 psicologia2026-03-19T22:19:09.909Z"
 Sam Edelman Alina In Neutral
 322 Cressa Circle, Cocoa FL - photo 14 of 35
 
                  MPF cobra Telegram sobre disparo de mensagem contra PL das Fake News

- WORK TO BE COMPLETED:
Return the listing. Match it exactly.

- ANSWER:
 psicologia2026-03-19T22:19:09.909Z"
 Sam Edelman Alina In Neutral
 322 Cressa Circle, Cocoa FL - photo 14 of 35
 
                  MPF cobra Telegram sobre disparo de mensagem contra PL das Fake News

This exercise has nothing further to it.